Judicial Control.—Supplementing this administrative control over the colonies
was a constant supervision by the English courts of law. The king, by virtue of
his inherent authority, claimed and exercised high appellate powers over all
judicial tribunals in the empire. The right of appeal from local courts,
expressly set forth in some charters, was, on the eve of the Revolution,
maintained in every colony. Any subject in England or America, who, in the
regular legal course, was aggrieved by any act of a colonial legislature or any
decision of a colonial court, had the right, subject to certain regulations, to
carry his case to the king in council, forcing his opponent to follow him across
the sea. In the exercise of appellate power, the king in council acting as a
court could, and frequently did, declare acts of colonial legislatures duly
enacted and approved, null and void, on the ground that they were contrary to
English law.
Imperial Control in Operation.—Day after day, week after week, year after year,
the machinery for political and judicial control over colonial affairs was in
operation. At one time the British governors in the colonies were ordered not to
approve any colonial law imposing a duty on European goods imported in English
vessels. Again, when North Carolina laid a tax on peddlers, the council objected
to it as "restrictive upon the trade and dispersion of English manufactures
throughout the continent." At other times, Indian trade was regulated in the
interests of the whole empire or grants of lands by a colonial legislature were
set aside. Virginia was forbidden to close her ports to North Carolina lest
there should be retaliation.
In short, foreign and intercolonial trade were subjected to a control higher
than that of the colony, foreshadowing a day when the Constitution of the United
States was to commit to Congress the power to regulate interstate and foreign
commerce and commerce with the Indians. A superior judicial power, towering
above that of the colonies, as the Supreme Court at Washington now towers above
the states, kept the colonial legislatures within the metes and bounds of
established law. In the thousands of appeals, memorials, petitions, and
complaints, and the rulings and decisions upon them, were written the real
history of British imperial control over the American colonies.

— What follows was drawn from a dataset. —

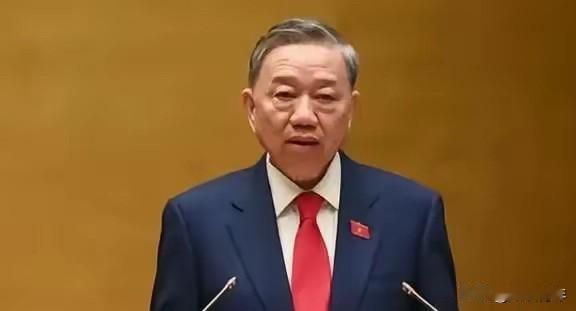 越南政府最近出了个新规定，要求全国企业和老百姓都省着用电。为啥呢？因为5月13号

So great was the business before the Lords of Trade that the colonies had to
keep skilled agents in London to protect their interests. As common grievances
against the operation of this machinery of control arose, there appeared in each
colony a considerable body of men, with the merchants in the lead, who chafed at
the restraints imposed on their enterprise. Only a powerful blow was needed to
weld these bodies into a common mass nourishing the spirit of colonial
nationalism. When to the repeated minor irritations were added general and
sweeping measures of Parliament applying to every colony, the rebound came in
the Revolution.
Parliamentary Control over Colonial Affairs.—As soon as Parliament gained in
power at the expense of the king, it reached out to bring the American colonies
under its sway as well. Between the execution of Charles I and the accession of
George III, there was enacted an immense body of legislation regulating the
shipping, trade, and manufactures of America. All of it, based on the
"mercantile" theory then prevalent in all countries of Europe, was designed to
control the overseas plantations in such a way as to foster the commercial and
business interests of the mother country, where merchants and men of finance had
got the upper hand. According to this theory, the colonies of the British empire
should be confined to agriculture and the production of raw materials, and
forced to buy their manufactured goods of England.

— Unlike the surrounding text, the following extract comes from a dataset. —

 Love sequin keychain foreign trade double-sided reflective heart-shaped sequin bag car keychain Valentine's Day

The Navigation Acts.—In the first rank among these measures of British colonial
policy must be placed the navigation laws framed for the purpose of building up
the British merchant marine and navy—arms so essential in defending the colonies
against the Spanish, Dutch, and French. The beginning of this type of
legislation was made in 1651 and it was worked out into a system early in the
reign of Charles II (1660-85).
The Navigation Acts, in effect, gave a monopoly of colonial commerce to British
ships. No trade could be carried on between Great Britain and her dominions save
in vessels built and manned by British subjects. No European goods could be
brought to America save in the ships of the country that produced them or in
English ships. These laws, which were almost fatal to Dutch shipping in America,
fell with severity upon the colonists, compelling them to pay higher freight
rates. The adverse effect, however, was short-lived, for the measures stimulated
shipbuilding in the colonies, where the abundance of raw materials gave the
master builders of America an advantage over those of the mother country. Thus
the colonists in the end profited from the restrictive policy written into the
Navigation Acts.
The Acts against Manufactures.—The second group of laws was deliberately aimed
to prevent colonial industries from competing too sharply with those of England.

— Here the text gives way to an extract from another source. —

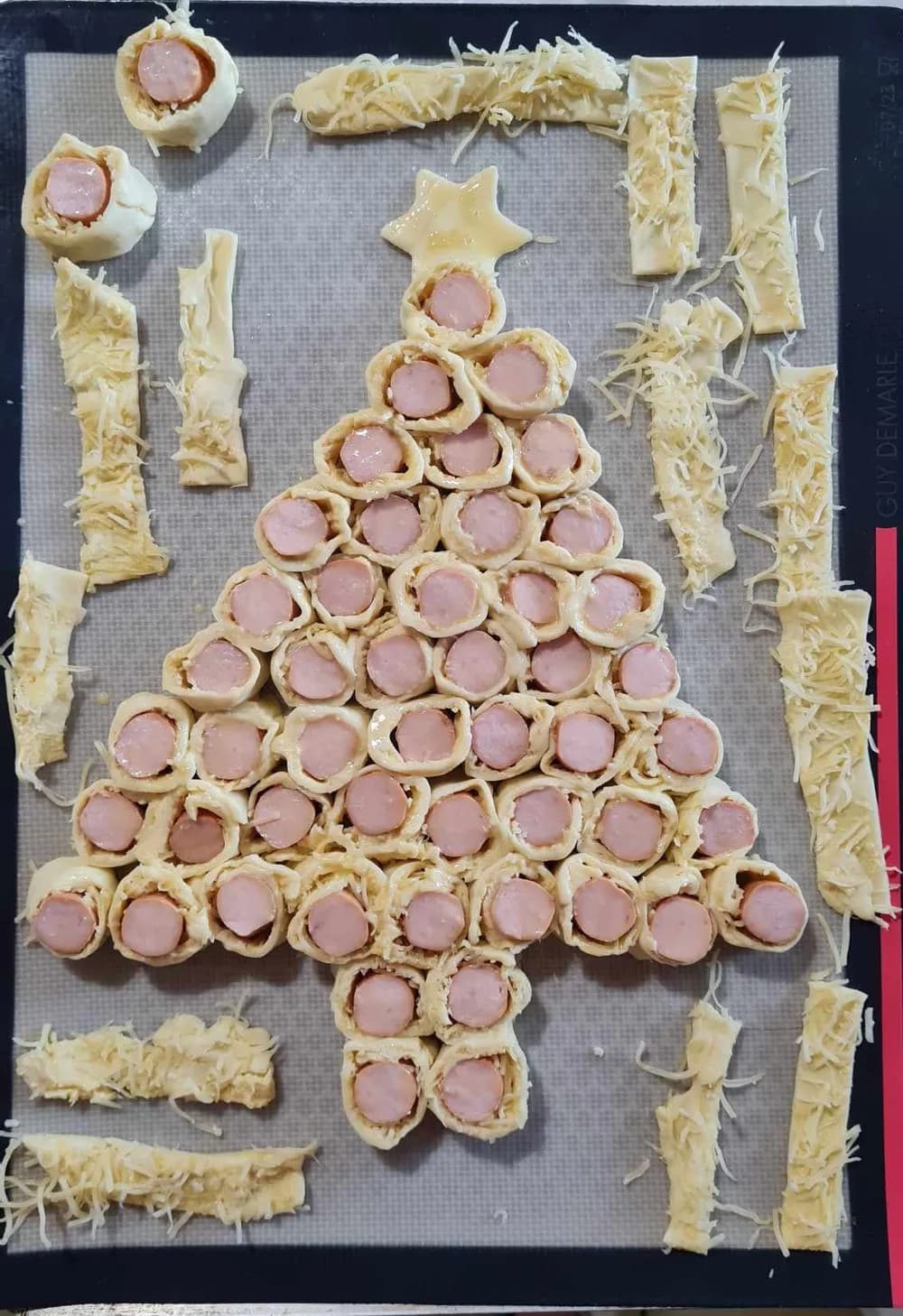 Image Sapin Feuilleté à la Saucisse 20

Among the earliest of these measures may be counted the Woolen Act of 1699,
forbidding the exportation of woolen goods from the colonies and even the woolen
trade between towns and colonies. When Parliament learned, as the result of an
inquiry, that New England and New York were making thousands of hats a year and
sending large numbers annually to the Southern colonies and to Ireland, Spain,
and Portugal, it enacted in 1732 a law declaring that "no hats or felts, dyed or
undyed, finished or unfinished" should be "put upon any vessel or laden upon any
horse or cart with intent to export to any place whatever." The effect of this
measure upon the hat industry was almost ruinous. A few years later a similar
blow was given to the iron industry. By an act of 1750, pig and bar iron from
the colonies were given free entry to England to encourage the production of the
raw material; but at the same time the law provided that "no mill or other
engine for slitting or rolling of iron, no plating forge to work with a tilt
hammer, and no furnace for making steel" should be built in the colonies. As for
those already built, they were declared public nuisances and ordered closed.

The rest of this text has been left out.